Volunteers for Peace
Among the organization's most memorable achievements were the 4th and 6th International Volunteer Festivals, organized in 2014–2015 and again in 2017 under the theme "Volunteers for Peace."
The festivals brought together participants from more than 22 European, Arab, and African countries, creating spaces for intercultural dialogue, collaboration, and friendship.
The participation of representatives from MasterPeace Global added even more inspiration for local volunteers, reinforcing the feeling that Tunisia was part of a much larger international movement working toward peace.
Expanding Across Tunisia
Since 2022, MasterPeace Tunisia has entered a new phase of growth by establishing clubs and branches in several regions, including Gabès, Jendouba, and Tozeur.
The goal is to engage even more young people across the country and create stronger local networks that promote peace, active citizenship, and community leadership.
The team is also strengthening partnerships with national print and audiovisual media to increase the visibility of youth initiatives throughout Tunisia.

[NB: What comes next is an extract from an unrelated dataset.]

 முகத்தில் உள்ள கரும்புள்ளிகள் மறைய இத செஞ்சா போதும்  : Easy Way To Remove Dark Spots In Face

Opening Doors to the World
MasterPeace has also created life-changing international opportunities for Tunisian youth.
Through participation in international bootcamps in the Netherlands and Romania, young people have developed greater confidence, built lifelong friendships, and exchanged ideas with participants from many different countries.
In 2019, Tunisia proudly hosted the 8th MasterPeace Global Bootcamp under the theme "Tunisia on the Waves of Peace." Bringing together participants from MasterPeace clubs around the world, the event became a milestone for the Tunisian team and a memorable experience for everyone involved.
Looking back, Bechir believes MasterPeace has transformed not only the communities he serves but also his own perspective.
The journey has strengthened his leadership, communication, and partnership-building skills while reinforcing the importance of openness, dialogue, peaceful coexistence, and respect for diversity.
Most importantly, it has shown him that peace is built through people who choose to work together despite their differences.
Today, being part of the MasterPeace Global family—spanning more than 47 countries—fills him with pride and hope.
"It feels like being part of one big family united by love, peace, respect, and solidarity. Together, we continue working toward a world where people cooperate across cultures, reject discrimination and conflict, and build communities where everyone can live in peace, dignity, and shared prosperity."
For Bechir Selmi, the journey continues—with the same passion that inspired him to join MasterPeace in 2012 and the same belief that young people have the power to shape a more peaceful future.